|
| |

egrep [-abcGhiLlnqrsuVvwx]
[-e pattern] ... [-f
patternfile] ... [-U[b|B|l|L]]
[-A num] [-B
num] [-C [num]] [-d
action] [--binary] [--byte-offset]
[pattern] [file ...]
The primary strength to egrep is its ability to use regular expressions.
Without going into excruciating detail, a regular expression is a syntax that
defines a pattern. This pattern can be an exact literal pattern or it can
contain wildcard characters.
Any user of DOS is familiar with the concept of wildcard characters. For
example, dir *.* will list all files in the current directory. dir
?at.* will list all files whose name is three characters long and whose last
two characters are at.

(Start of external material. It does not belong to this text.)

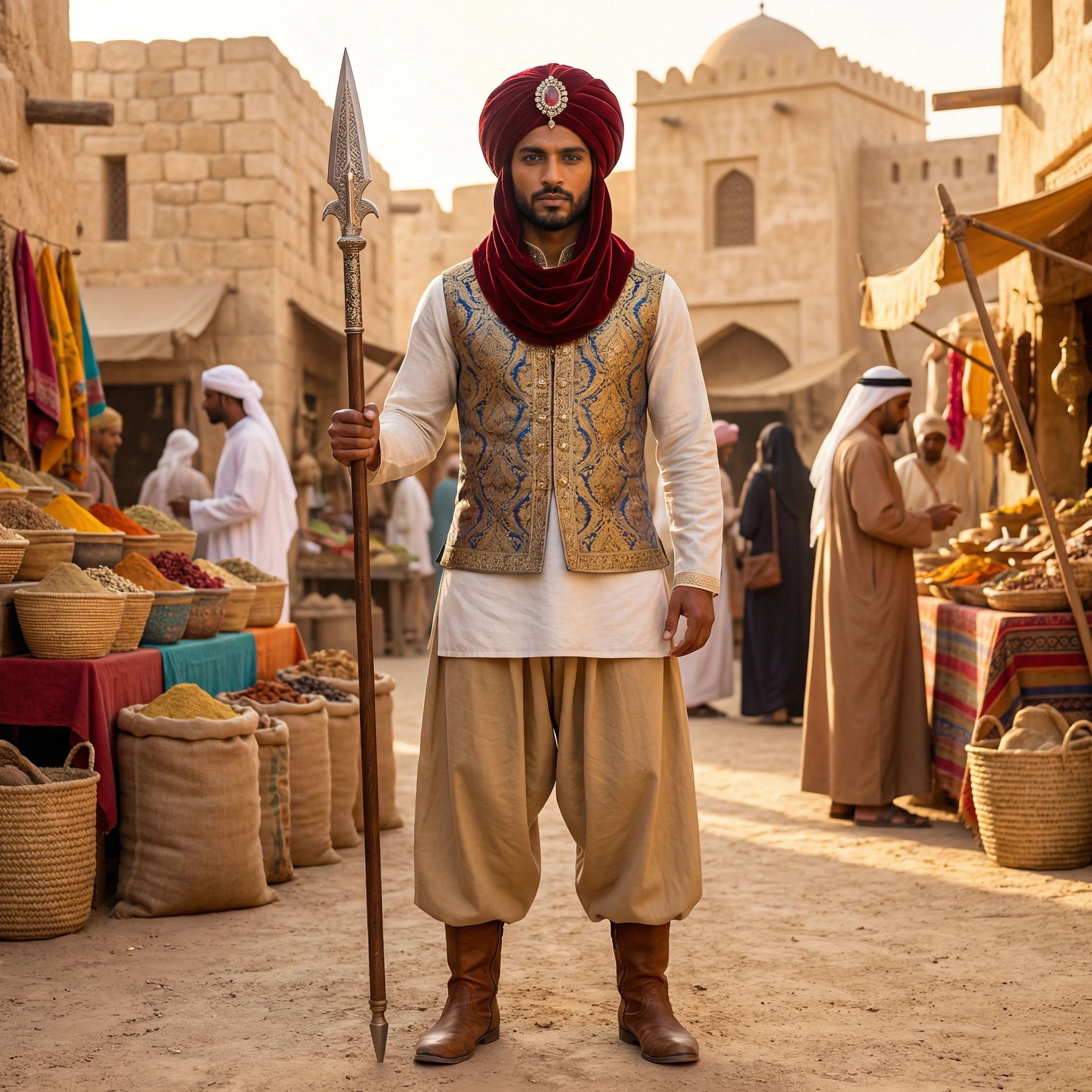 Защитник Аладдина в стиле Аграбы — Nano Banana Pro промт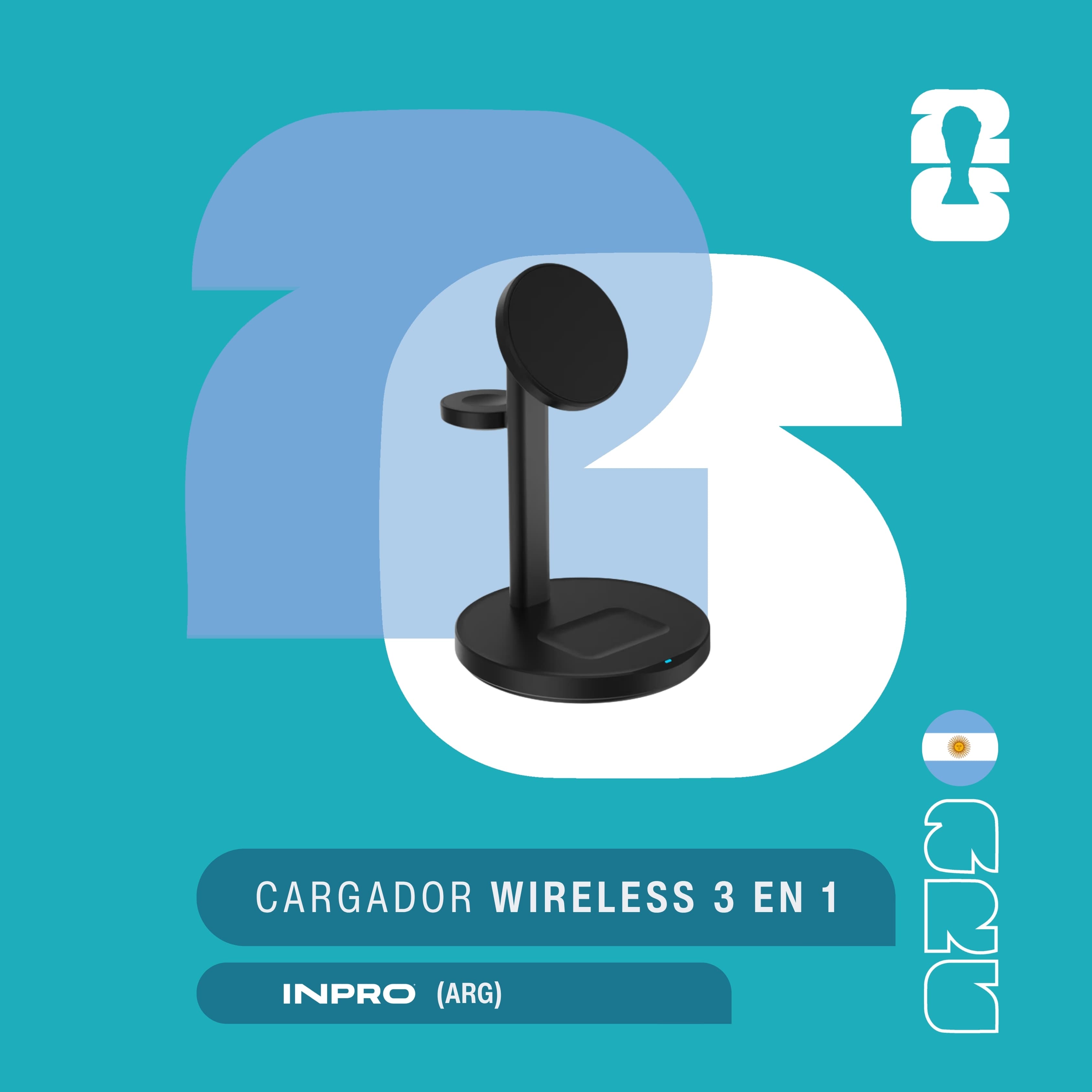 Cargador Wireless 3 en 1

Regular expressions expand on this idea.
| Character |
Meaning |
| . |
Matches any single character except a newline. |
| [exp] |
Defines an expression which is treated as a set of characters, any
of which may be matches. For example, [abc] would match on either a, b
or c. |
| [m-n] |
Defines a range of characters, any of which may be matched. For
example, [0-9] specifies all of the digits. 0, 1, 2, 3, 4, 5, 6, 7, 8 or
9 would be a match. |
| [^exp] |
Defines an expression which is treated as a set of characters, none
of which may be treated as a match. For example, [^0-9] would match any
character not a digit. |
| () |
Used to enclose an expression so that the entire expression can be
treated as a standalone group. |
| ^ |
(Caret) Matches the start of a string. |
| | |
Separator between two expressions. A match can occur using either of
the expressions. For example, b|cat would match either bat or cat. |
| $ |
(Dollar sign) Matches the end of a string. For example, abc$ would
match only if it occurred at the end of the line. |
| * |
Matches zero or more instances of the preceding expression. |
| + |
Matches one or more instances of the preceding expression. |
| ? |
Matches zero or one instance of the preceding expression. |
| *?, +?, ?? |
Normally, *, + and ? are 'greedy' matching operations in that they
try to match the greatest number of characters that they can. Adding the
modifying '?' reverses that behavior so that the match is the fewest
number of characters possible. |
| (m) |
Specifies that there must be exactly m copies of the pattern. For
example, a(3) specifies exactly 3 a's. |
| (m,n) |
Specifies that there must be between m and n copies of the preceding
pattern. For example, a(2,5) matches aa, aaa, aaaa or aaaaa. |
| \ |
Dual meaning. It either escapes one of the special characters, thus
turning it into a literal, or it acts as an introducer for a special
meaning string. For example, c:\\ matches c:\. |
| \A |
Matches only at the start of a string. |
| \b |
Matches the empty string, but only at the beginning or end of a
word. A word is defined as a sequence of alphanumeric or underscore
characters, so the end of a word is indicated by whitespace or a
non-alphanumeric, non-underscore character. Note that \b is
defined as the boundary between \w and \ W, so
the precise set of characters deemed to be alphanumeric depends on the
values of the UNICODE and LOCALE flags. Inside
a character range, \b represents the backspace
character, for compatibility with Python's string literals |
| \B |
Matches the empty string, but only when it is not at the
beginning or end of a word. This is just the opposite of \ b,
so is also subject to the settings of LOCALE and
UNICODE. |
| \d |
Matches any decimal digit and is the same as specifying [0-9]. |
| \D |
Matches anything but a decimal digit. This is the same as [~0-9]. |
| \s |
Matches any whitespace. Same as [ \f\n\r\t\v] |
| \S |
Opposite of \s. Matches any non-whitespace character. Same as [^
\f\n\r\t\v]. |
| \w |
When the LOCALE and
UNICODE flags are not specified, matches any alphanumeric character
and the underscore; this is equivalent to the set
[a-zA-Z0-9_]. With LOCALE, it will match
the set [0-9_] plus whatever characters are
defined as alphanumeric for the current locale. If
UNICODE is set, this will match the characters
[0-9_] plus whatever is classified as alphanumeric in the Unicode
character properties database |
| \W |
When the LOCALE and
UNICODE flags are not specified, matches any non-alphanumeric
character; this is equivalent to the set
[^a-zA-Z0-9_]. With LOCALE, it will match
any character not in the set [0-9_], and not
defined as alphanumeric for the current locale. If
UNICODE is set, this will match anything other than
[0-9_] and characters marked as alphanumeric in
the Unicode character properties database. |
| \z |
Matches a pattern only when the pattern is at the end of a string. |
Examples:
bat - the string bat.
.at - at preceded by any character as in bat, cat, fat, hat and so on.
ca*t - a c followed by zero or more a's followed by t.
^cat - a cat that occurs at the starting of a string.
cat$ - a cat that occurs at the end of a string.
[Cc]at - either Cat or cat.
[1-9][0-9]* - a number that doesn't start with a zero and is at least 1 digit
long but can be any number of digits long.


|